Bristol Palin and child
 
 
 
The media’s continual and increasingly furious and itemperate attacks on all of those who don’t agree with them politically are classic bullying tactics common to all authoritarian regimes.

A personal correspondent recently wrote me to suggest that it is unwise and wrong to take umbrage at David Letterman’s tasteless and unfunny joke about Bristol Paiin. Even if the joke was egregious, my correspondent wrote, we should turn the other cheek and not engage in victimology, which is a tactic of the left and thus to be avoided.

I agree that claims of group victimhood are craven, but that is not what is happening in the present case. To call people to account when the have committed real offenses is the right and necessary thing to do if wa are to have anything like a decent society.

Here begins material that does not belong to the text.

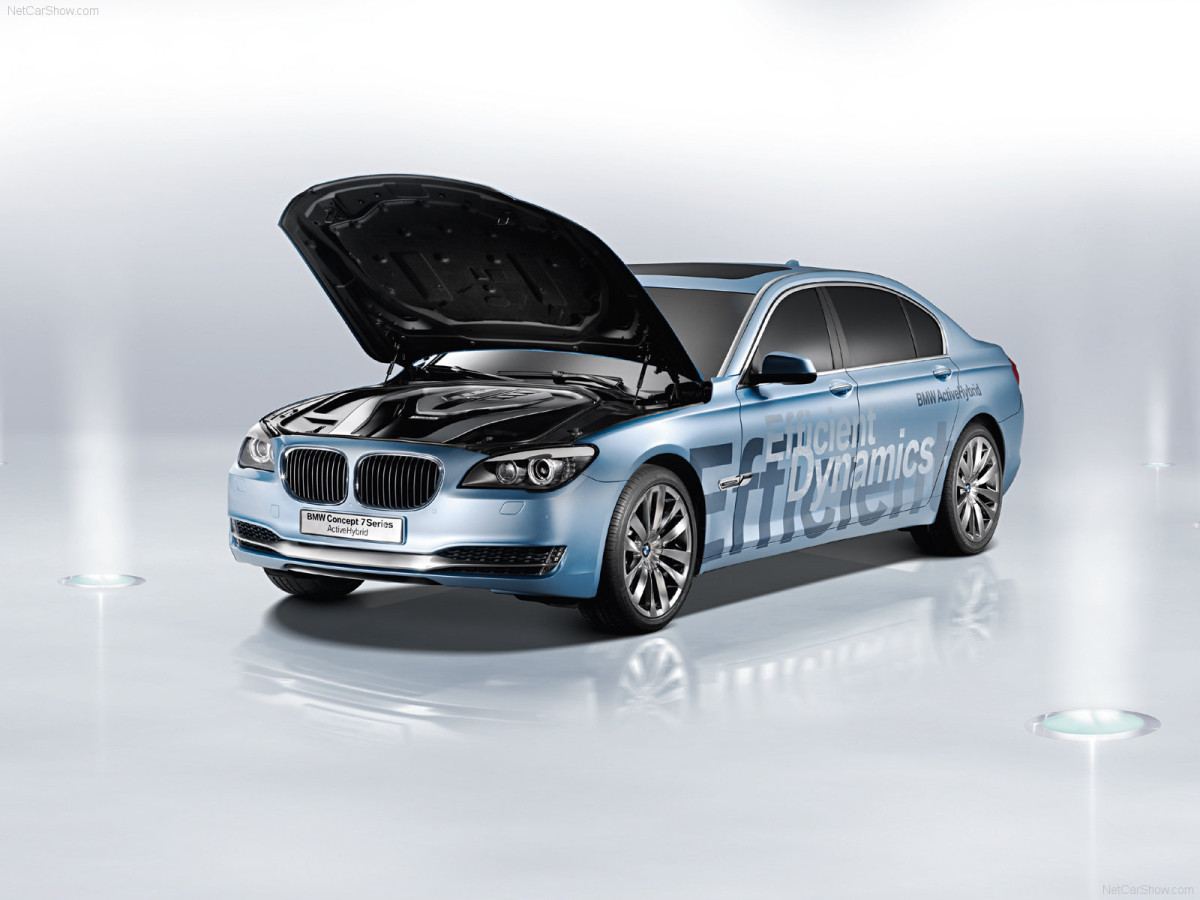 BMW 7-series ActiveHybrid фото 63895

Letterman’s attack on Alaska governor Sarah Palin’s family and the notorous Playboy hate-f-ck article are exactly that, and they are just the latest in a long, long string of outrages intended to hurt and humiliate people on the right. They are straightforward, classic bullying tactics. To oppose such attacks is not to indulge in victimology. Victimology is a false claim that one should not be held responsible for one’s actions because of one’s supposedly underprivileged background.

That is obviously not the case here. No one is saying that Palin and other conservatives shouldn’t have to defend their policy positions and statements. On the contrary, they should welcome that, and from what I’ve seen, on the whole they do. But these continuous personal attacks and ever-flowing stream of venom against all of those to the right of Nancy Pelosi are meant to stop discussion. That’s wrong, and while it’s best for each of us to rise above the fray when an offense is done to us, those of us whose profession or avocation is to comment on public events should take up the issue and point out these rotten activities.

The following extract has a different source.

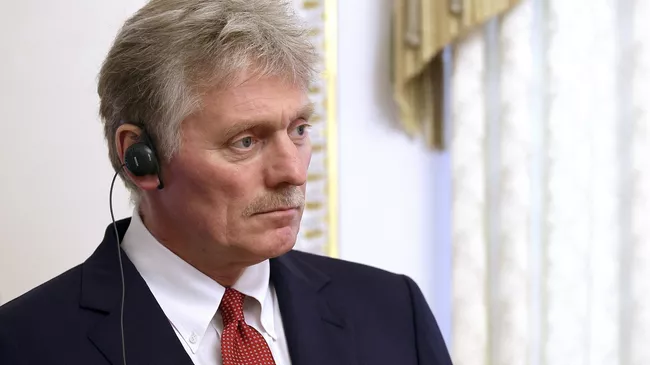 Пресс-секретарь президента РФ Дмитрий Песков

Certainly no one can actually justify Letterman’s joke. In a good society it would be seen as an outrage, and he would be tarred and feathered, and Sarah Palin’s husband would be thought entirely justified in giving him a sound thrashing. The fact that Sarah Palin is a politician does not justify everything anybody may say or do to her.

Letterman went far beyond the pale by personally attacking Palin’s family. An honorable man would not do that. Even the Mafia doesn’t do that.

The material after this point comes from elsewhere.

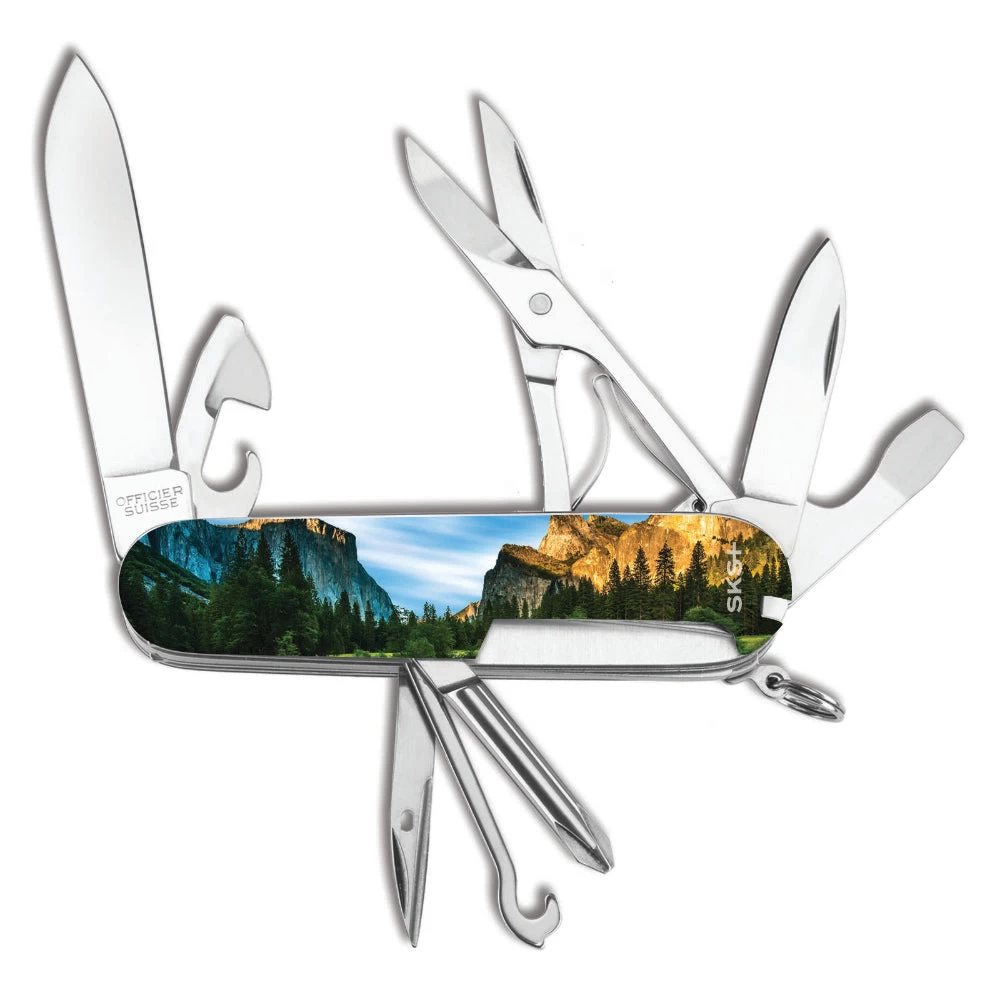 Victorinox Yosemite Super Tinker Designer Swiss Army Knife 2 Victorinox Yosemite Super Tinker Designer Swiss Army Knife - Image 2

As to the content of his so-called joke, some have defended Letterman by arguing that he is correct to accuse Mrs. Palin of hypocrisy in supporting a social conservative agenda when her daughter had an illegitimate child. That is false for at least two reasons.

One, those who have ever had any children who have grown to adulthood know very well that no parent has control over what adolescents do. No, not one. You can raise them perfectly well, and still at adolescence they are replaced by aliens and become intransigent monsters until they snap out of it in their early twenties. It’s a natural process, and no parent has any control over it.

Thus the willingness of Letterman’s defenders to blame the parents for Bristol’s foolish error (which is exactly what it was, something to be pitied, not condemned) is possible only because they either have not raised children to adulthood themselves or did not pay any attention to what was going on around them. Thus it shows their ignorance, not wisdom.

Two, the very fact that Mrs. Palin’s daughter had an illegitimate child could be taken as a very good reason for Palin to take up a social conservative agenda or increase her devotion to it. In fact, Bristol Palin herself has done exactly that, supporting the abstinence movement as a way of helping young people avoid the problems she encountered as a teen. Seeing that Mrs. Palin has experienced the sad consequences of our current moral climate, a concern on her part about social issues could be seen as quite laudable.

But only if one were being fair and not simply trying to bully the opposition into leaving the discussion.

That’s why this is an important and valid issue and merits continuing coverage.